Du 20 mai au 25 juillet 325, le premier concile œcuménique universel a été convoqué à Nicée, ville de Bithynie par l’empereur Constantin (280-337), converti au christianisme. C’est un moment important dans l’histoire de la chrétienté. Ce concile a rassemblé environ 300 évêques venus de toutes les provinces de l’Empire romain. En 2025, l’Église catholique célébre le 1700ᵉ anniversaire du Concile de Nicée.

Le premier Concile de Nicée est un concile général des évêques qui s’est tenu à Nicée (aujourd’hui Iznik, en Turquie), en Bythinie, du 20 mai au 20 juillet 325, dans l’Empire romain, sous l’égide de l’empereur Constantin le Grand. Il est considéré par les historiens comme le premier empereur chrétien. Quelques années après avoir été proclamé empereur (306), il se convertit au christianisme, et se fait baptiser la veille de sa mort en 337. Durant son règne, il favorise l’essor de la religion via l’édit de Milan en 313 qui permet aux chrétiens de pratiquer leur culte au grand jour.

Le Concile de Nicée est le premier concile œcuménique de l’histoire qui rassemble environ 300 évêques venus de toutes les provinces de l’Empire.

L’empereur Constantin qui souhaite unifier l’empire romain condamne l’arianisme, une doctrine professée par Arius, prêtre d’Alexandrie (250-336) et ses disciples, dans laquelle ils professaient que, dans la Trinité, le Fils n’est pas égal au Père.

Lors de ce concile, les fondements du christianisme sont définis. Les pères de l’Église établissent le dogme de la consubstantialité du Christ au Père et fixent la date de la célébration de Pâques.

Sous le règne de l’Empereur Théodose 1er (379-395), par l’édit de Thessalonique (380), le christianisme devient religion d’État (conformément aux doctrines du concile de Nicée de 325). Cet édit marque un tournant dans l’histoire religieuse de l’Empire romain.

Le Concile de Nicée a joué un rôle central dans la formation de l’orthodoxie chrétienne et a marqué le début des conciles œcuméniques. Il a établi des bases doctrinales toujours reconnues par de nombreuses confessions chrétiennes, notamment le catholicisme, l’orthodoxie et une grande partie du protestantisme.

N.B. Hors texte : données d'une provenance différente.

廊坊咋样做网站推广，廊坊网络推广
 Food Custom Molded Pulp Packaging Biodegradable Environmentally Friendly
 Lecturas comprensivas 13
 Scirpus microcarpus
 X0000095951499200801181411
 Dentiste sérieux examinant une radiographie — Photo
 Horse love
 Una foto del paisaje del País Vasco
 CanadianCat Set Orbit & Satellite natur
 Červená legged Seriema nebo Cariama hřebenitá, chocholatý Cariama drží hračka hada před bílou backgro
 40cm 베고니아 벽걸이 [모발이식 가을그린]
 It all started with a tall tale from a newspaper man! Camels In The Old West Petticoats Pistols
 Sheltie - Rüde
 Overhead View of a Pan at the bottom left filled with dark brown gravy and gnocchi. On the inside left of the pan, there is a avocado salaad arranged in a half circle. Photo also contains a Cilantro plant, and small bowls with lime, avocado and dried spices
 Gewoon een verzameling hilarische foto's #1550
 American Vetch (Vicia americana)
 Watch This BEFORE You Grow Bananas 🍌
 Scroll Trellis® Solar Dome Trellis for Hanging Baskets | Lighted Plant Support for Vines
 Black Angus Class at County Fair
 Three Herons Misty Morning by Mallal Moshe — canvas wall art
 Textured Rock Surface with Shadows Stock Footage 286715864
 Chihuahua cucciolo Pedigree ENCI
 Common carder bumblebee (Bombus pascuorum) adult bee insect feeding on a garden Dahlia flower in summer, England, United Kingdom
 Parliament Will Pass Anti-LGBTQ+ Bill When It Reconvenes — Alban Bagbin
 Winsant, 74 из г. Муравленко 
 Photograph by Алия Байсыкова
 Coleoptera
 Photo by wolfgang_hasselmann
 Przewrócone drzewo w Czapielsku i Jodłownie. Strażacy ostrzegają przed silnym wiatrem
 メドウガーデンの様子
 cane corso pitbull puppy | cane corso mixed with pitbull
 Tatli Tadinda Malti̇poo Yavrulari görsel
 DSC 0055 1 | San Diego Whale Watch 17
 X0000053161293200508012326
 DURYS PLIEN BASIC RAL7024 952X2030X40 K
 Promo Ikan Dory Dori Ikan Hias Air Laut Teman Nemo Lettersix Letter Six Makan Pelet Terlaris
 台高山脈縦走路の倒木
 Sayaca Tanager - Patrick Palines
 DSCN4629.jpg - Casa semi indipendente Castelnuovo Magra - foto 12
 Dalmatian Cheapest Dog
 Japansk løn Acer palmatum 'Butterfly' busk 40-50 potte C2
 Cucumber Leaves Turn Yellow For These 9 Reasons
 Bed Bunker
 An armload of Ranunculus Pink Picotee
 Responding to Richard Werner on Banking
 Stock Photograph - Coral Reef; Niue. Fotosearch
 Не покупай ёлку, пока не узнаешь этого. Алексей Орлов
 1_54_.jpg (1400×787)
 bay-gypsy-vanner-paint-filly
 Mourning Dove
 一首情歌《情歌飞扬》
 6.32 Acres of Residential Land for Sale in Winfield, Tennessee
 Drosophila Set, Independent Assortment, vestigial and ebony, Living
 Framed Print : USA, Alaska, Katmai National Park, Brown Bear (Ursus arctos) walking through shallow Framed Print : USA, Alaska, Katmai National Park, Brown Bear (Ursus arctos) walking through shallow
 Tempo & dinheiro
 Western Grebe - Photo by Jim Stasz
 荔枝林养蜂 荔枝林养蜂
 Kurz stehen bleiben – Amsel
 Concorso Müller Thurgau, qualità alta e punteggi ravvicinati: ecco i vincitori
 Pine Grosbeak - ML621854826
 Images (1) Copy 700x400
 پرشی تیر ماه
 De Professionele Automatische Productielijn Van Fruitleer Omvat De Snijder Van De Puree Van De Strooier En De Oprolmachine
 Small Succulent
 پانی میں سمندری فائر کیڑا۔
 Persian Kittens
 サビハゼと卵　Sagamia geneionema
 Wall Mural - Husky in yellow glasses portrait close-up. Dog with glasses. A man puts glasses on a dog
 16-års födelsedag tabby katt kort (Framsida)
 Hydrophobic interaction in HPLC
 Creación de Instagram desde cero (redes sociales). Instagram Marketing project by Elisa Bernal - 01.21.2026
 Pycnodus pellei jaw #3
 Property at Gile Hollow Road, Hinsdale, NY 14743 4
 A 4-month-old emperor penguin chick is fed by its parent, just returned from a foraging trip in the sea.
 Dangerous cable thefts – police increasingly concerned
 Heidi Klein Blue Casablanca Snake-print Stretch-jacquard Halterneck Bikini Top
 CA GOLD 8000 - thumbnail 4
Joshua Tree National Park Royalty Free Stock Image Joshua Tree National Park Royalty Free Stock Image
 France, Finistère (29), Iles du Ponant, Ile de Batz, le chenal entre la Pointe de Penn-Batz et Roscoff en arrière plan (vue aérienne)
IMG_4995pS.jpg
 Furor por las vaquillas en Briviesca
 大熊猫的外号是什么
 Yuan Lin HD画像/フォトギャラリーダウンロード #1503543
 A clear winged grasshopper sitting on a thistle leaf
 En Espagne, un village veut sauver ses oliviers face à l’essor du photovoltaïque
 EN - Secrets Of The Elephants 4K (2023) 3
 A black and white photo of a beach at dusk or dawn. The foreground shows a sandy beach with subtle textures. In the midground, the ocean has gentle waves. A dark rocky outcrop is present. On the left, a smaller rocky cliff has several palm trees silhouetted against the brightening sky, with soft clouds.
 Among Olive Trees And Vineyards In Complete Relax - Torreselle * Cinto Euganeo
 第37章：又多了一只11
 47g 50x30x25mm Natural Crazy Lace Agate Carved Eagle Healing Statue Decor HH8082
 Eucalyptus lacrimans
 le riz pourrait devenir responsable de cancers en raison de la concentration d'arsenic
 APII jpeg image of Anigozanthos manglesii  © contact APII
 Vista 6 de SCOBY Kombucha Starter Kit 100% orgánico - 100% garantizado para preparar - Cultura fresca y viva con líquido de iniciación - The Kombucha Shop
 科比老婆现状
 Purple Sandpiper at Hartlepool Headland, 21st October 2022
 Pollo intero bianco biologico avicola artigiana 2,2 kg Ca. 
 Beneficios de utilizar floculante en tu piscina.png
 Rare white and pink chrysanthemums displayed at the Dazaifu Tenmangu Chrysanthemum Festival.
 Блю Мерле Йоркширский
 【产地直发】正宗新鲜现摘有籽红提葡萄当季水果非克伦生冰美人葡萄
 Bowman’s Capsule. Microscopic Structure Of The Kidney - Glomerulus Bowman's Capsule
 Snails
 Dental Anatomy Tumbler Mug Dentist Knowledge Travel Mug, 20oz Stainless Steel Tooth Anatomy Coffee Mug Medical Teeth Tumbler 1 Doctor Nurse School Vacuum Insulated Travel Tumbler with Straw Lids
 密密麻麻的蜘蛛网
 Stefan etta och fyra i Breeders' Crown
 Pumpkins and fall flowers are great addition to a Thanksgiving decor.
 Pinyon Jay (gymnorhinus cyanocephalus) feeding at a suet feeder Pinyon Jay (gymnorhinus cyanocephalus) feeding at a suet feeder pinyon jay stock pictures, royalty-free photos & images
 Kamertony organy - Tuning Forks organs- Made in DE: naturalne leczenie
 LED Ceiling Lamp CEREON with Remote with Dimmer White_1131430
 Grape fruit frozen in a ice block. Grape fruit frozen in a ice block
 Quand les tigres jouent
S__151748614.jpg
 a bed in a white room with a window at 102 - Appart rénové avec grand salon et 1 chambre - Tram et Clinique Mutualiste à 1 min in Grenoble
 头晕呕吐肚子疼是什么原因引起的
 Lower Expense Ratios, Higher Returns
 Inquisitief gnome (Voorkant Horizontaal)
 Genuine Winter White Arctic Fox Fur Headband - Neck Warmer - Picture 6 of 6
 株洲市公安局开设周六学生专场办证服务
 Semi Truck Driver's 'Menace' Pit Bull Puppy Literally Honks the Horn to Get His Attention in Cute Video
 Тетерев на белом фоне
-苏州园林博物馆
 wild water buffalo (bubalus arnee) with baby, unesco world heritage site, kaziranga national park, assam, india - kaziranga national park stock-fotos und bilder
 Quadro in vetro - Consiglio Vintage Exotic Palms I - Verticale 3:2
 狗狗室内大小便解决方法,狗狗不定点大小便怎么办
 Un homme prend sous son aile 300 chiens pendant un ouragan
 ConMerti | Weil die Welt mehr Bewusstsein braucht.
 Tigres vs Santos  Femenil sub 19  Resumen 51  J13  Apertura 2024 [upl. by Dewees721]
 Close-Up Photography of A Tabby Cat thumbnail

Cependant, bien que l’arianisme ait été condamné, il est resté influent pendant plusieurs décennies, notamment parmi certains peuples barbares comme les Goths.

Le Concile de Nicée reste un jalon essentiel dans l’histoire du christianisme, tant pour ses implications théologiques que pour son rôle dans la structuration institutionnelle de l’Église.

En résumé, 

En proclamant l’unité du Christ avec le Père, le concile de Nicée a joué un rôle crucial dans la formation de la doctrine chrétienne sur la Trinité, en réponse aux disputes dogmatiques au sein de l’Église, notamment l’hérésie arienne.

Dieu est Père, Fils et Esprit Saint, un seul Dieu en trois personnes. Ces vérités, proclamées dans le Credo de Nicée, sont encore répétées chaque dimanche dans la liturgie.

Le Concile de Nicée nous rappelle que la foi chrétienne ne se construit pas dans l’isolement, mais repose sur une tradition vivante, transmise de génération en génération. 

Aujourd’hui encore, comprendre ce qui s’est joué à Nicée il y a 1700 ans, c’est s’inscrire dans cette chaîne ininterrompue qui nous unit aux premiers chrétiens.